SAC’s recommendations for changes in the Attendance Policy were considered for a Second Reading. There was some minor wordsmithing. One change was to delete references specifically singling out immigrants and providing instead for any legal issues, such as jury service, appearing in court as a witness, etc. The amended proposal passed.
In the absence of the President, the Provost gave her report. The search for a permanent VP for Student Affairs is underway. (One Senator observed that we spend so much effort on hiring and yet so many administrators stay here only a short time.)
Faculty are encouraged to attend the special graduations (eg, gay/lesbian, African-American, etc), held a day or two before the main Commencement. Gowns will be distributed before each ceremony, as in previous years; however, advance reservation will no longer be necessary.
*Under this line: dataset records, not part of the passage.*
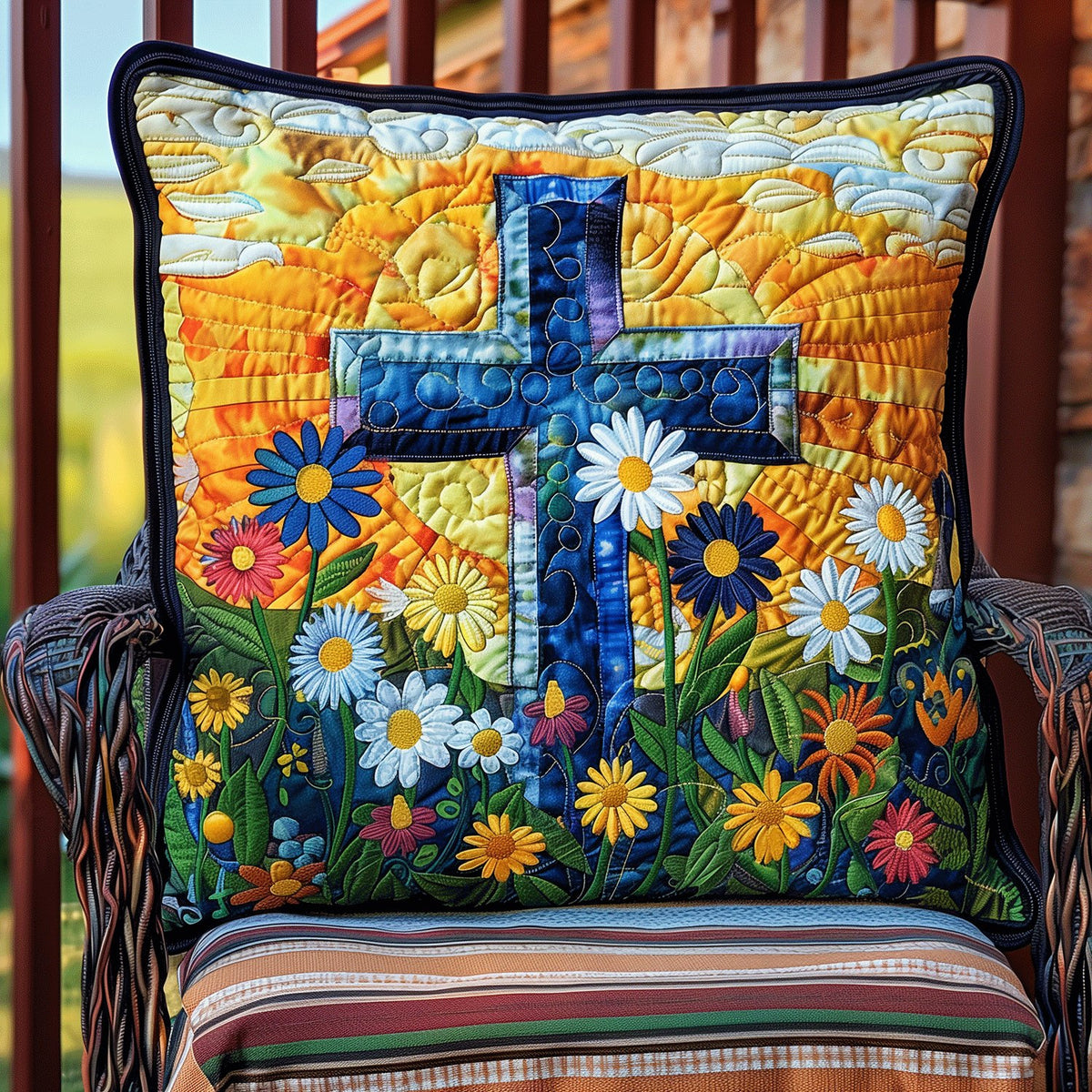 Blooming Faith Quilted Cushion Cover printed cushion cover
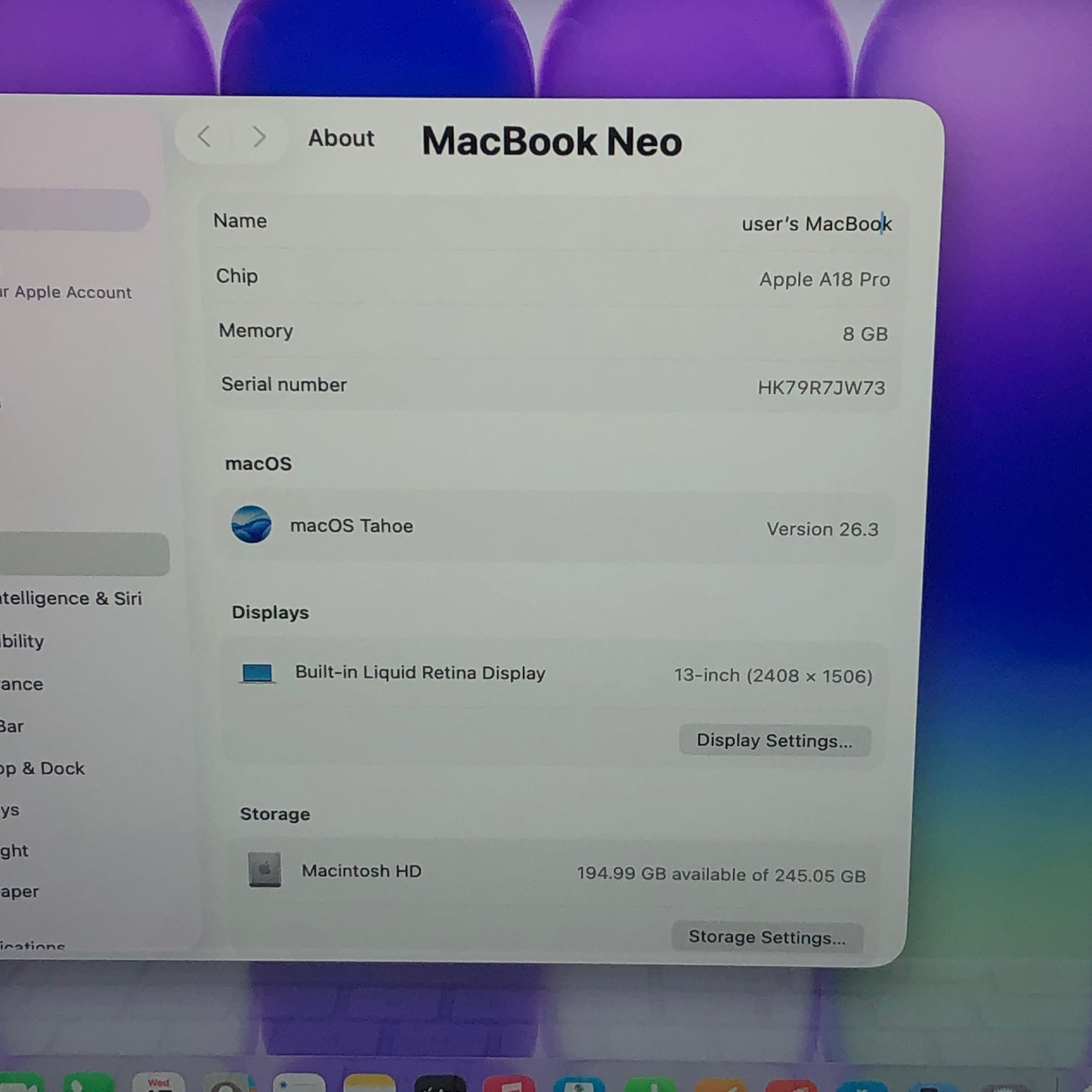 2026 Apple MacBook Neo 13" A18 Pro 5C GPU 4.0GHz 8GB RAM 256GB SSD MHFA4LL/A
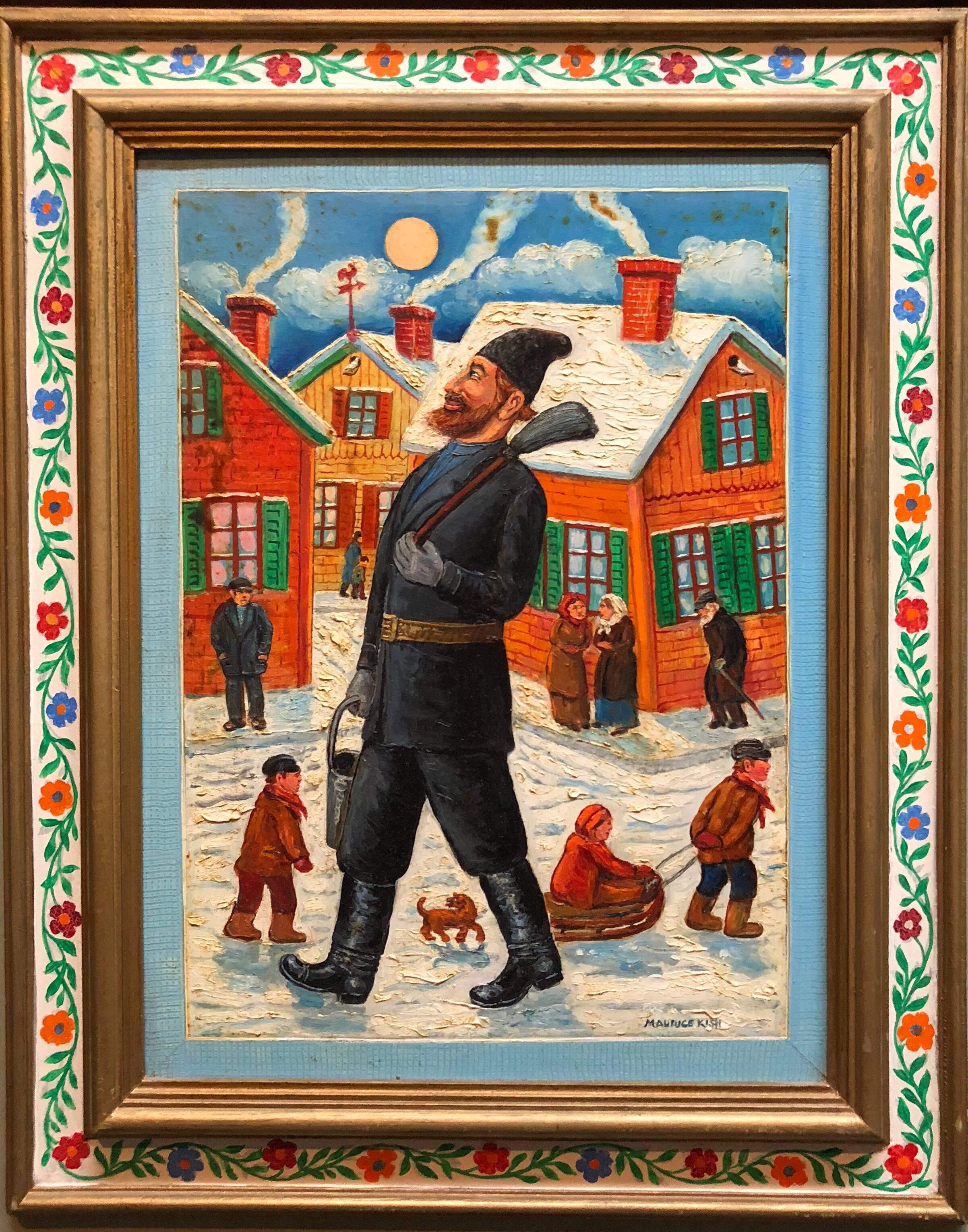 Peinture à l'huile Shtetl moderne « Proud Chimney Sweep » d'un artiste juif de la WPA - Moderne Painting par Maurice Kish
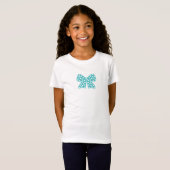 T-Shirt Bow turquoise avec points blancs - Graphisme, mign (Devant entier)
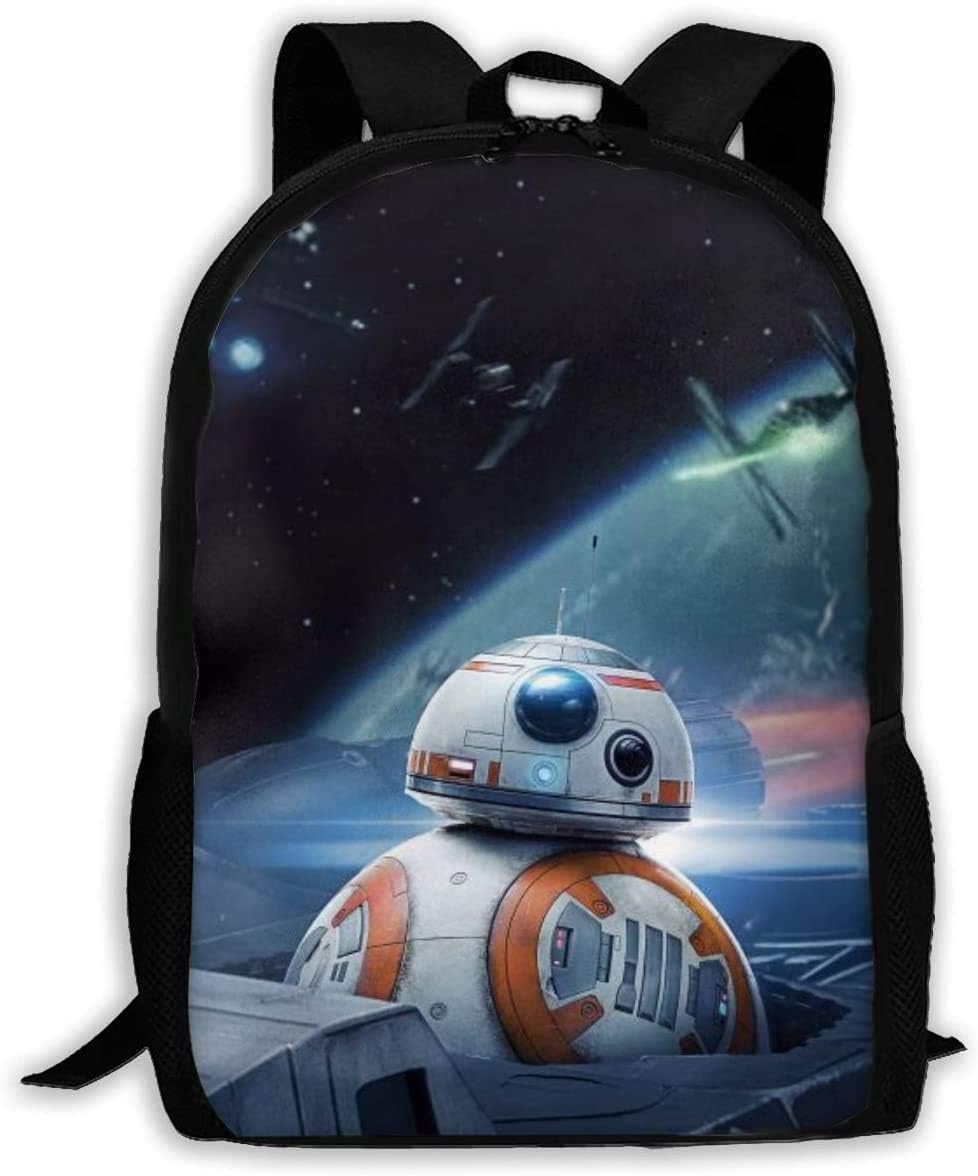 Travel Backpack Star War The Last Jedi Orbot Laptop Backpack Bookbag Capacity Lightweight Stationery Purse Bag for Girls Boys College School Women Men Office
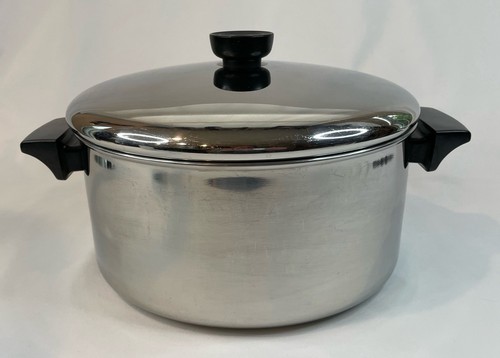 Olla de disco de tres capas de acero inoxidable REVERE WARE 4,5 cuartos de galón con tapa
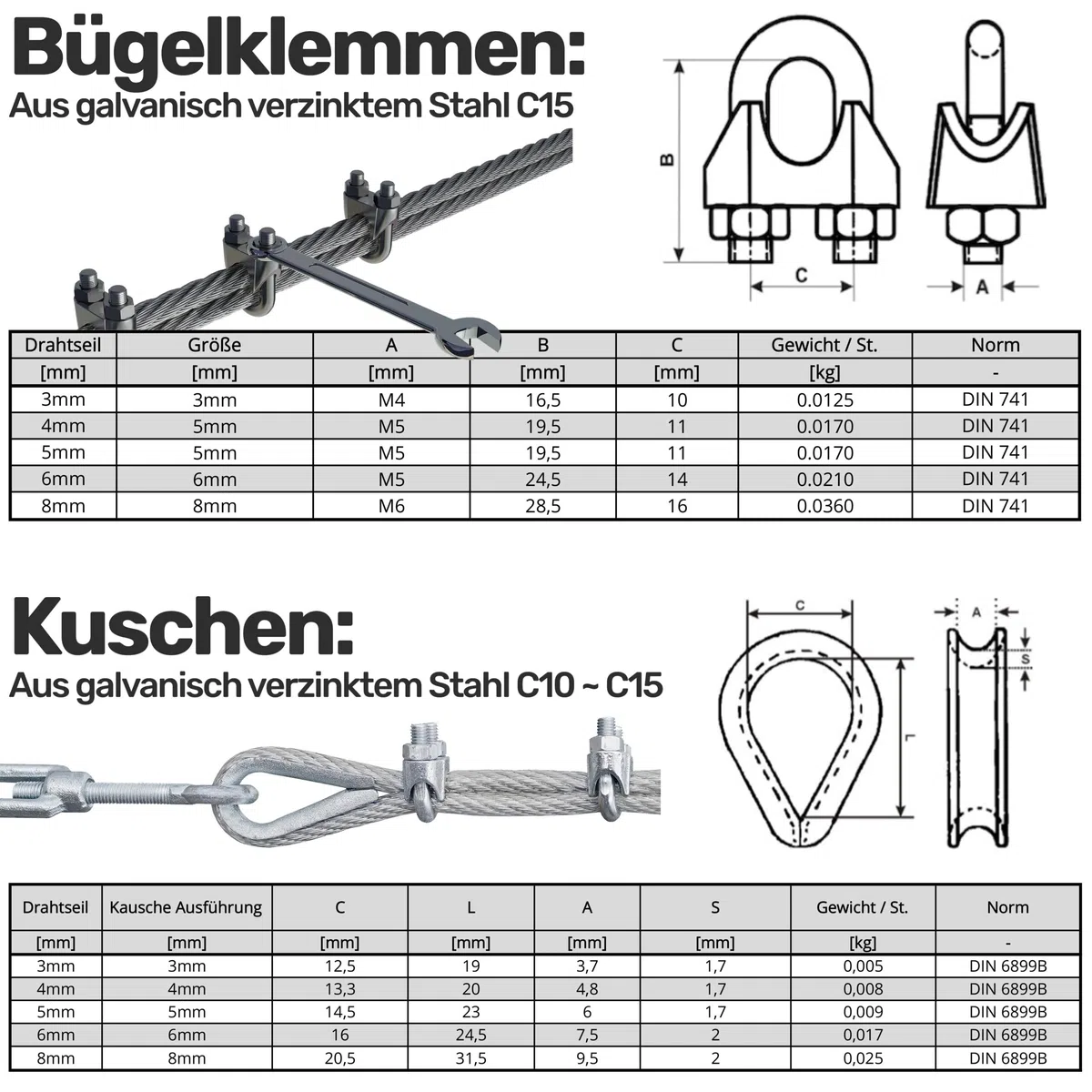 Drahtseil Set 6 - Stahlseil 50m 4mm 6x7 verzinkt, 4x Spannschloss Haken/Öse, 16x Bügelklemmen, 16x Kauschen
Julie Vivas, campus Title IX coordinator, gave a presentation on title IX issues. Faculty must report any Title IX issues they become aware of, but students have the option of doing so or not, except for athletes and Greeks for whom reporting is mandatory.
The Senate chose Derek Girman to serve on the Executive Committee next year, replacing Ed Beebout, who had been elected at a previous Senate meeting but resigned when he accepted an interim appointment as the Dean of Arts & Humanities due to the resignation of Hollis Robbins.
The Associated Students representative reported that students have complained about the 500-character limit in SETI’s, for expanding on answers. They would like the amount of allowable space to be significantly increased.
CFA Chapter President Erma Jean Sims reported on recent activities of the Chapter:
There were 114 in attendance at the Chapter’s recent virtual forum on Title IX issues.
The Chapter is grateful to the Senate for providing forums on the No Confidence vote.
The Chapter still believes in the SSU dream. It also believes in the principle of Shared Governance, and speaks strongly for consultation and collaboration. It calls for beginning a healing process between all segments of the CSU.
The Statewide CFA wants an independent investigation of the CSU’s Title IX problems. It has called for an end to the Rape Culture.
The Chapter invites all to a Social on Thursday 19 May from 5 to 6 at the Jaded Toad.
AVP Stacey Bosick gave a report on Graduation Initiative 2025. We are moving toward our goals for increased 4-year and 6-year graduation rates, and also for 2-year and 4-year transfers.
She outlined five Priorities:
1.Re-engage and re-enroll underserved students. Use a recent $161,000 grant to make needs-based scholarships.
2.Move away from the “15 to finish” and “30 per year” models. Make more use of Summer and Extension opportunities. Allow for students who, because of family or work, choose to proceed toward graduation at a slower rate.
3.Ensure equitable access for the Digital Degree Planner.
4.Eliminate or reduce barriers, such as AY&F holds. Recently the allowance before holds was increased from $300 to $1,000.
5.Enhance equitable learning practices. Work on reducing the “DFW” students and help them to rise above this category.
FSAC Chair Richard Whitkus reported that the Committee is working on a revised Faculty Handbook. It will be virtual only. There will be a digital Table of Contents, and instructions for breaking out sub-units to access the relevant information.
Staff Council representative Kate Sims reported that the President canceled an appointment to meet with the Council, and also has not responded to questions they put to her.
This Academic Senate meeting is the final one of the 2021-2022 academic year.